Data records
>>>>>
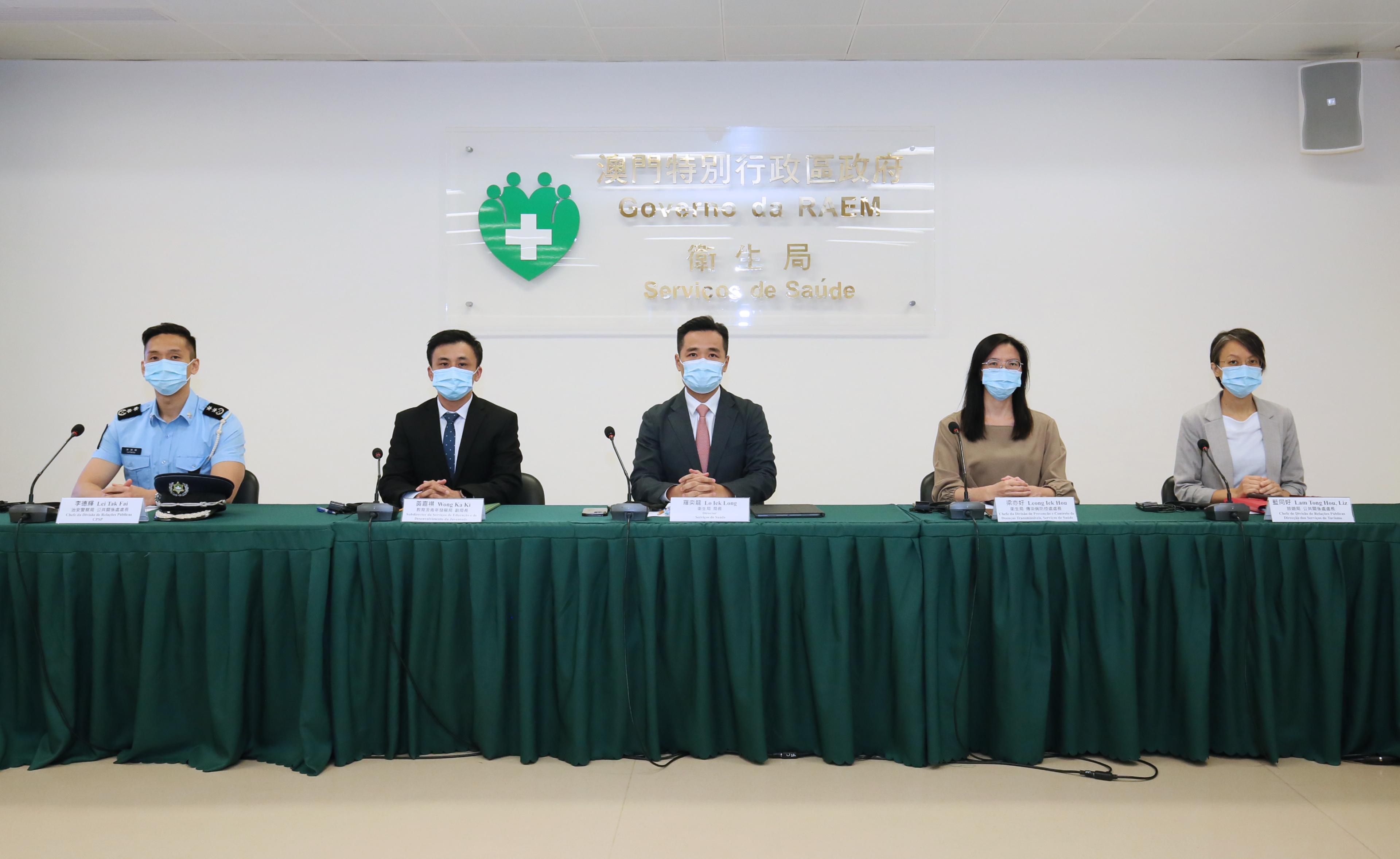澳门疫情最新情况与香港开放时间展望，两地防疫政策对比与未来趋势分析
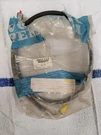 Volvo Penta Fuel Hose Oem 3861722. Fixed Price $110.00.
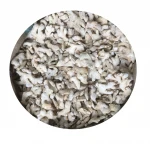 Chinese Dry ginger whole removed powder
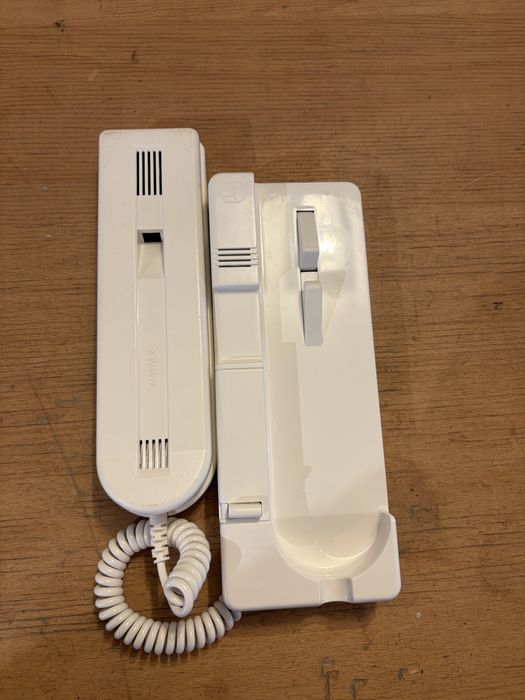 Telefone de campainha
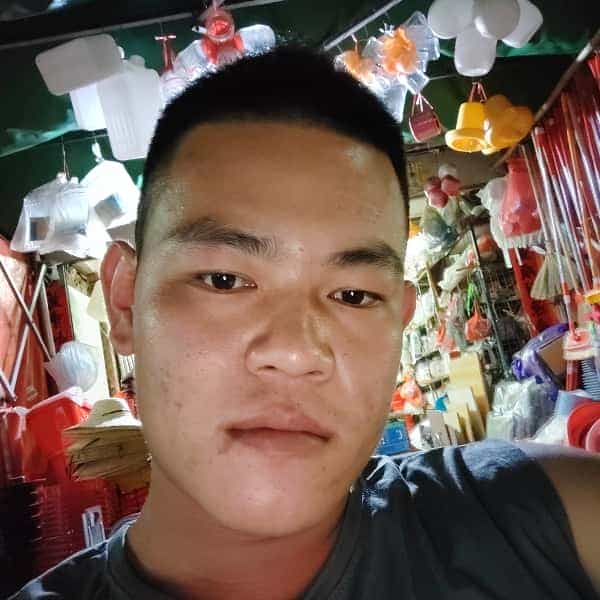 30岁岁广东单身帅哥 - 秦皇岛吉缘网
<<<<<
[THE PROBLEM]
Set down, exactly as written, each line from the one that contains "Volvo Penta Fuel" to the last line of the records, but none of the pictures.

[PROBLEM SOLUTION]
 Volvo Penta Fuel Hose Oem 3861722. Fixed Price $110.00.
 Chinese Dry ginger whole removed powder
 Telefone de campainha
 30岁岁广东单身帅哥 - 秦皇岛吉缘网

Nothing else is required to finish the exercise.